When we detach from our sexuality and throw “pearls to swine” in non-marital sexual relationships, we are missing the profound blessing that God intends for sex that is with our husbands alone. We are also putting ourselves in the line of fire for physical, emotional, and spiritual damage.

“The idea that we are body, soul, and mind, and [yet] that we separate one act from the rest of our bodies… I can’t do one act with my body and not think that that doesn’t affect me mentally or that it doesn’t affect me spiritually,” Rachel explains.

Even if you can’t see the damage, you can exercise faith that God knows His stuff. You don’t have to see the damage to believe that it is real and that God means what He says.

But fear not!  If you have already had sex with your fiancé or with another partner, God can redeem your broken sexuality.  You can be a born-again virgin by the grace of Christ.

Harmony testifies, “I will say as a non-virgin, though, that there is grace as well. I have no intention—with God’s grace—of taking any sexual baggage, any emotional baggage from my past into my relationships.
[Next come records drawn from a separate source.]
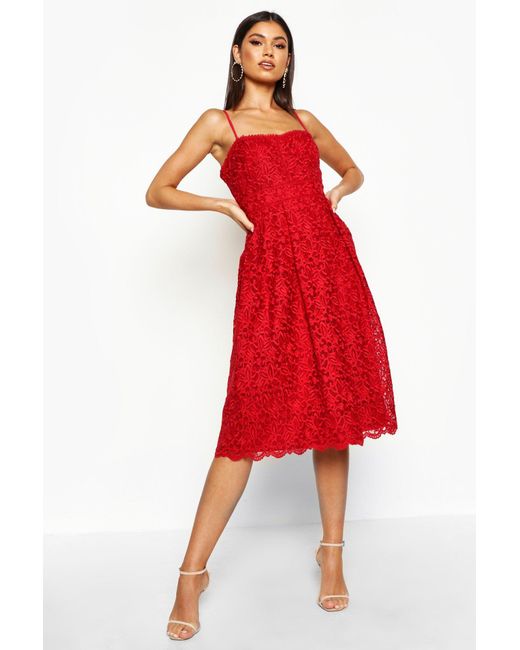 Boohoo Boutique Embroidered Strappy 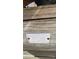 License plate on a Lake Norman Duke Power Co. deck at 271 Lockhard Cir, Troutman, NC 28166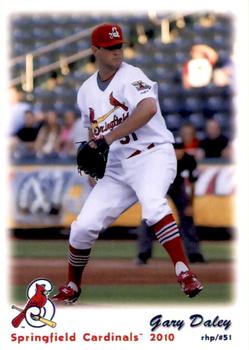 2010 Grandstand Springfield Cardinals #NNO Gary Daley Front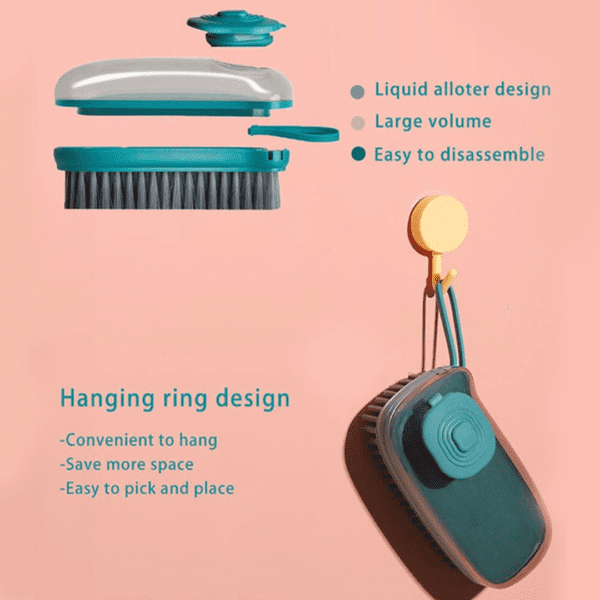 Scrub Brush with Soap Dispenser - Image 2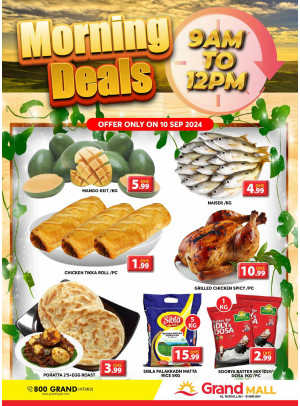 Morning Deals - Grand Mall Sharjah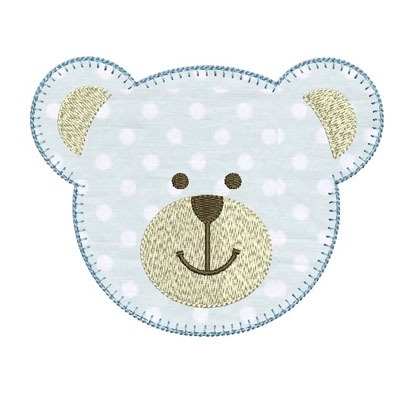 Matriz de matriz Matriz De Bordado Urso Aplique Patchcolagem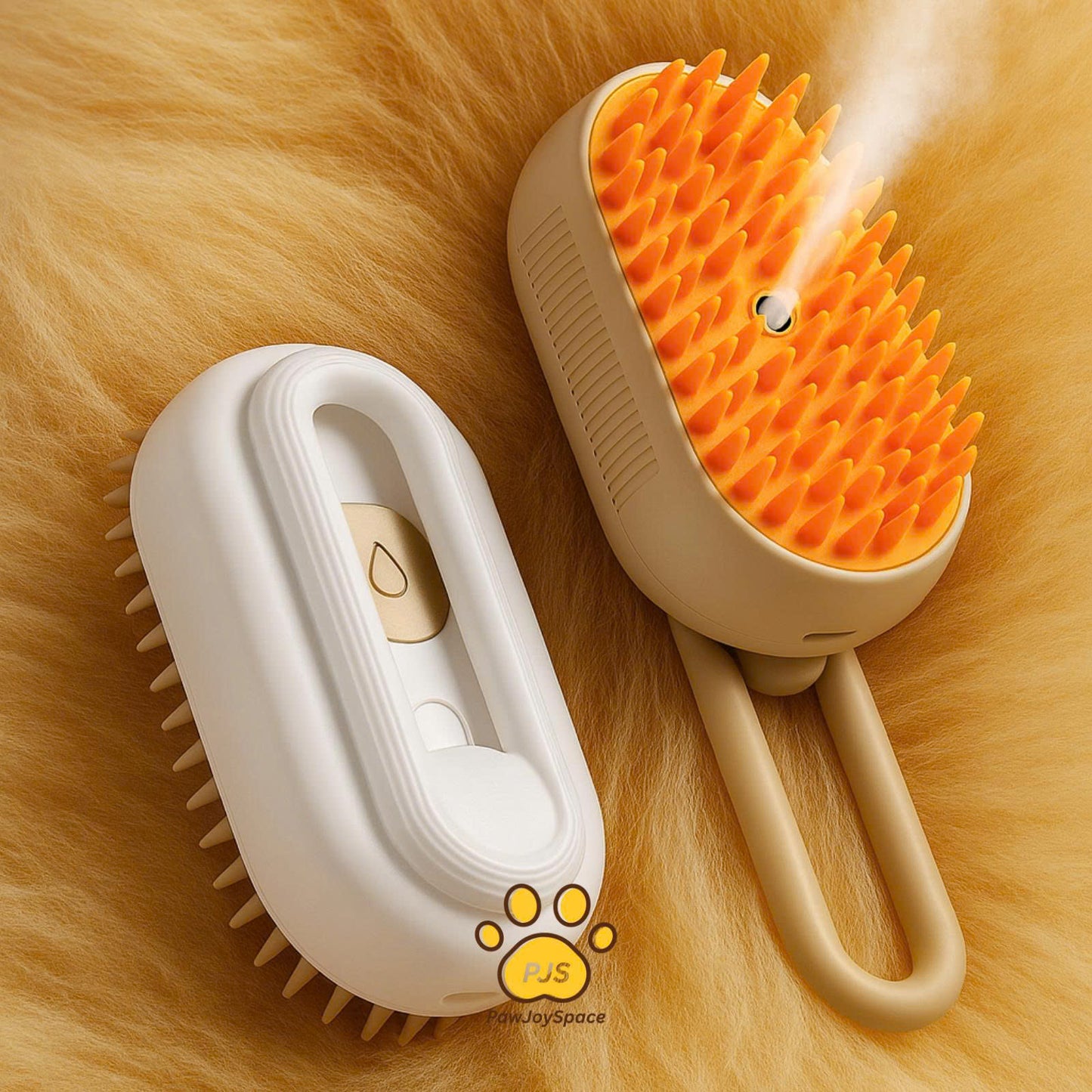 3-in-1 Pet Steam Grooming Brush – Smooth, Detangle & Reduce Shedding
As I allow God to heal me, and as I allow my sins and my mistakes to be cast into the sea of forgetfulness and separated from me as far as the east is from the west, […] I can go into a relationship feeling confident and not ashamed because my sexuality is surrendered to God.”

Her point is pivotal: Surrender your sexuality to God!

As all three of the speakers point out, the question is not, “How far can I go?” The question is, “How much can I honor God?” Or, as Harmony phrases, “How do I honor God with my body? How do I express my sexuality in a way that’s healthy and honoring to Him?”

Where is your focus? Is your heart seeking to honor the Lord or to fulfill the desires of your own flesh?

Protecting your purity and treasuring your sexuality for the bounty of blessing that it brings in the marriage bed is one of the most difficult opportunities in our day and age to honor God as well as one of the most profound foundational investments for your marriage relationship.

As Craig Gross says so succinctly, “Our culture wants to make it [sex]—oh, this is not a big deal—but it is. There’s nothing else like it.”

If this post applies to you and your fiancé, prayerfully commit right now to waiting to have sex again until you are in the holy bounds of marriage. It won’t be easy, but it will be worth it because you will be sacrificing in obedience for the sake of your loving Lord Jesus who truly knows the greatest good for you and your marriage.

Pray together with your fiancé, Jude 1:24-25:

Now to Him who is able to keep you from falling, and to make you stand without blemish in the presence of His glory with rejoicing, to the only God our Savior, through Jesus Christ our Lord, be glory, majesty, power, and authority, before all time and now and forever. Amen.